Please write out the full listing beneath this line exactly, skipping its images.

## COLLECTED DATA
■ ■ ■ ■ ■ ■ ■

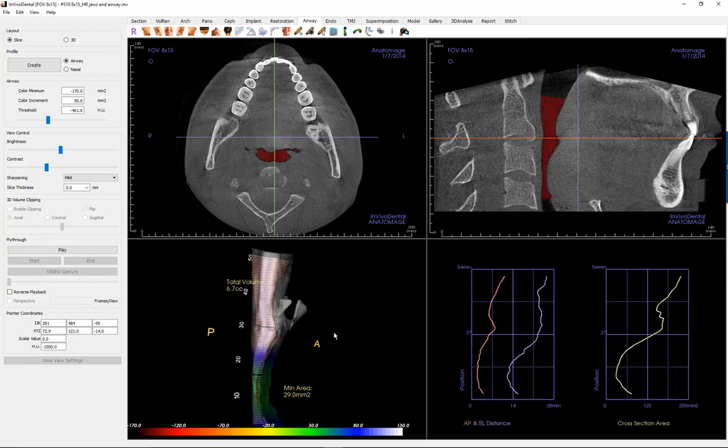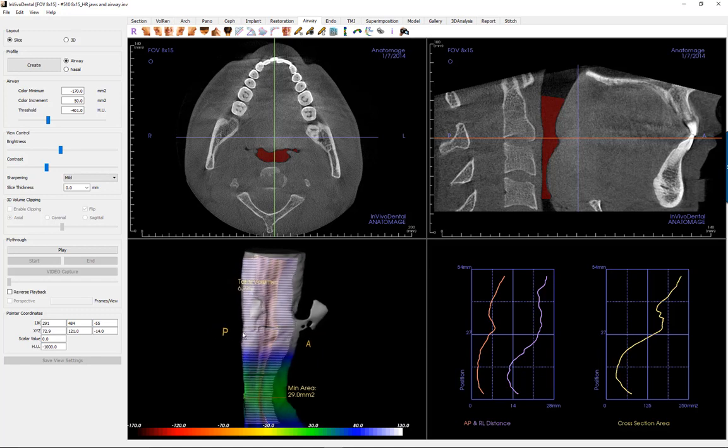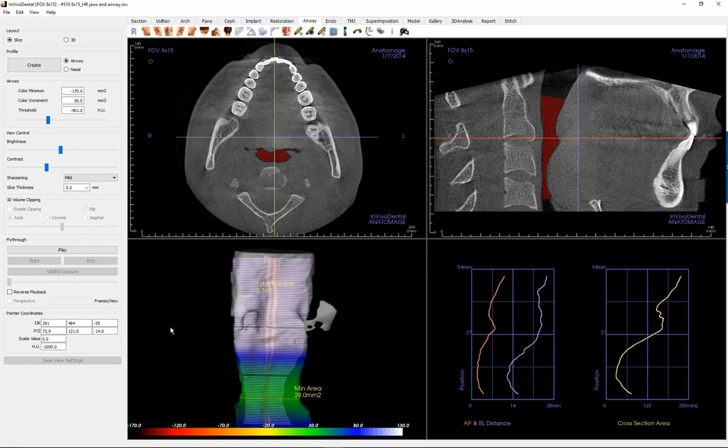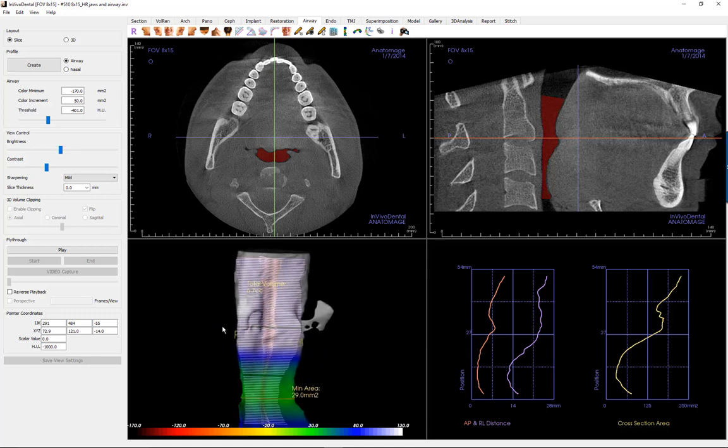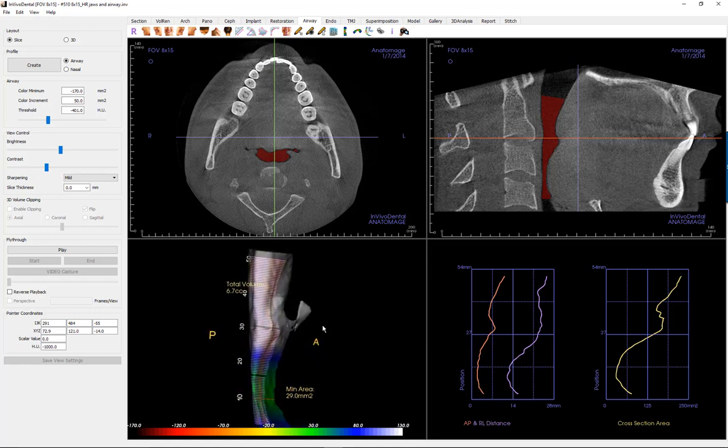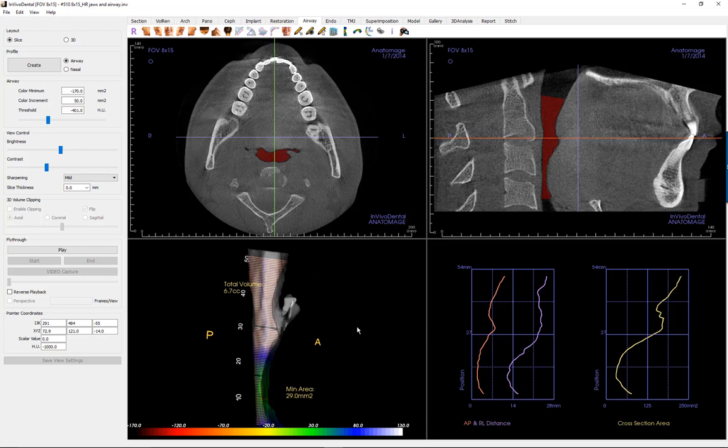The airway volume can be rotated to allow for a more detailed analysis and to aid in doctor-patient discussions. You may segment the airway by selecting the sculpting tool to remove any unwanted anatomy.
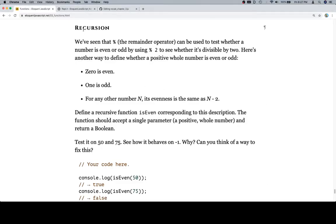Hey everybody, welcome back, and let's talk about recursion. Well, we're not going to talk about it, we're going to solve about it. We've seen that modulo, the remainder operator,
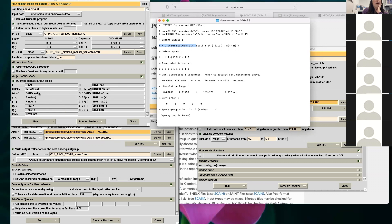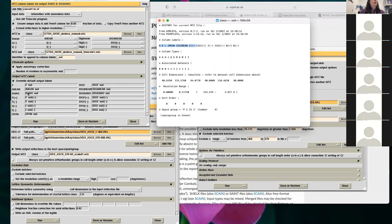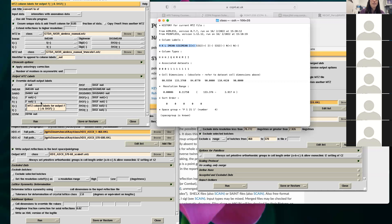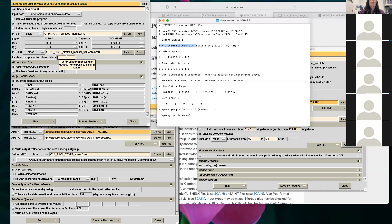If you ever wondered: DANO is anomalous — instead of separating into I+ and I−, all the information is together as one merged number. And you can see it's keeping the anomalous information separate with F_nat_plus and F_nat_minus. If you don't want anomalous, you can delete those columns — and then they're gone.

■ ■ ■ ■ ■ ■ ■

## YOUR RESPONSE
The airway volume can be rotated to allow for a more detailed analysis and to aid in doctor-patient discussions. You may segment the airway by selecting the sculpting tool to remove any unwanted anatomy.
Hey everybody, welcome back, and let's talk about recursion. Well, we're not going to talk about it, we're going to solve about it. We've seen that modulo, the remainder operator,
If you ever wondered: DANO is anomalous — instead of separating into I+ and I−, all the information is together as one merged number. And you can see it's keeping the anomalous information separate with F_nat_plus and F_nat_minus. If you don't want anomalous, you can delete those columns — and then they're gone.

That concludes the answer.